HathiTrust today announces the release of a significantly expanded open dataset, the HathiTrust Research Center (HTRC) Extracted Features (EF) Dataset, Version 1.0. This dataset provides researchers with open access to data extracted from the full text of the HathiTrust Digital Library (HTDL) at an unprecedented scale.
The Extracted Features Dataset opens the complete HathiTrust collection for investigations into historical and cultural trends, the rise and fall of topics within the corpus, and the evolution of words and writing structures in publications dating from the 16th to the late 20th century. The EF Dataset provides quantitative information about word and line counts, parts of speech, and other details within each page of every volume in the HTDL. In addition to these larger-scale investigations, the EF Dataset also allows researchers to closely analyze the contents of a given volume or subset of volumes.

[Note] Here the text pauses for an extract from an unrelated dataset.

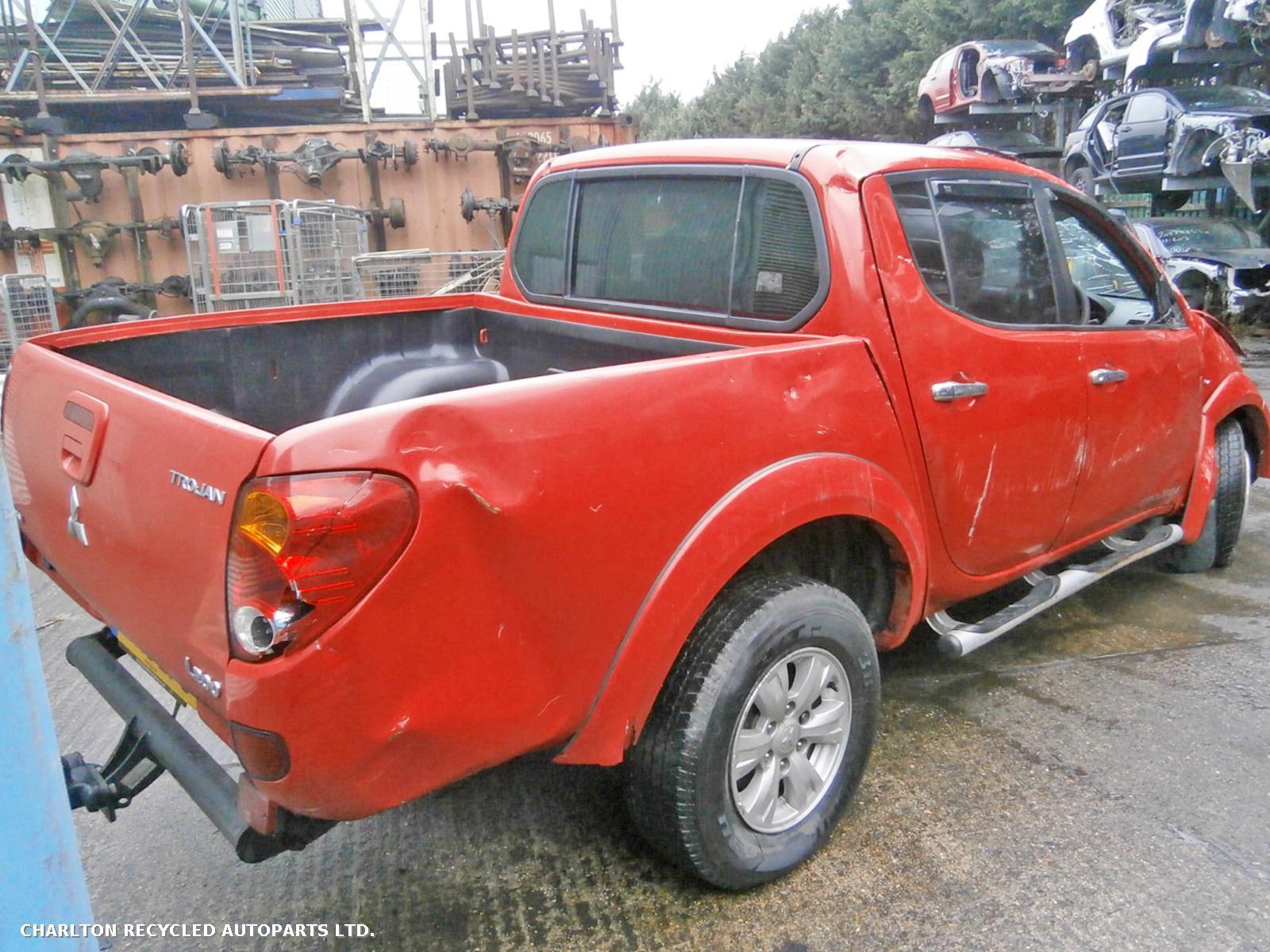 View Auto part ECU MITSUBISHI L200 2013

The data is extracted from 13.7 million volumes found in the HTDL, representing over 5 billion pages consisting of over 2 trillion tokens (words). A preliminary release of the EF Dataset, drawn from a much smaller subset comprising only HathiTrust’s public domain collection, has already enabled novel research from scholars in economics, history, linguistics, literary studies and sociology, among other fields.
“The Extracted Features Dataset creates opportunities for scholarship and teaching that were previously impossible,” said J. Stephen Downie, co-director of HathiTrust Research Center and Associate Dean for Research and Professor at the School of Information Sciences, University of Illinois at Urbana-Champaign. “We look forward to seeing how the scholarly community takes advantage of the EF dataset in their research, labs, and classrooms.”
“We launched the HathiTrust Research Center to help researchers to fully mine the entire collection of texts found in HathiTrust,” said Michael Furlough, HathiTrust’s executive director. “This release provides a novel and effective way to do so by generating relevant data from the entire corpus.”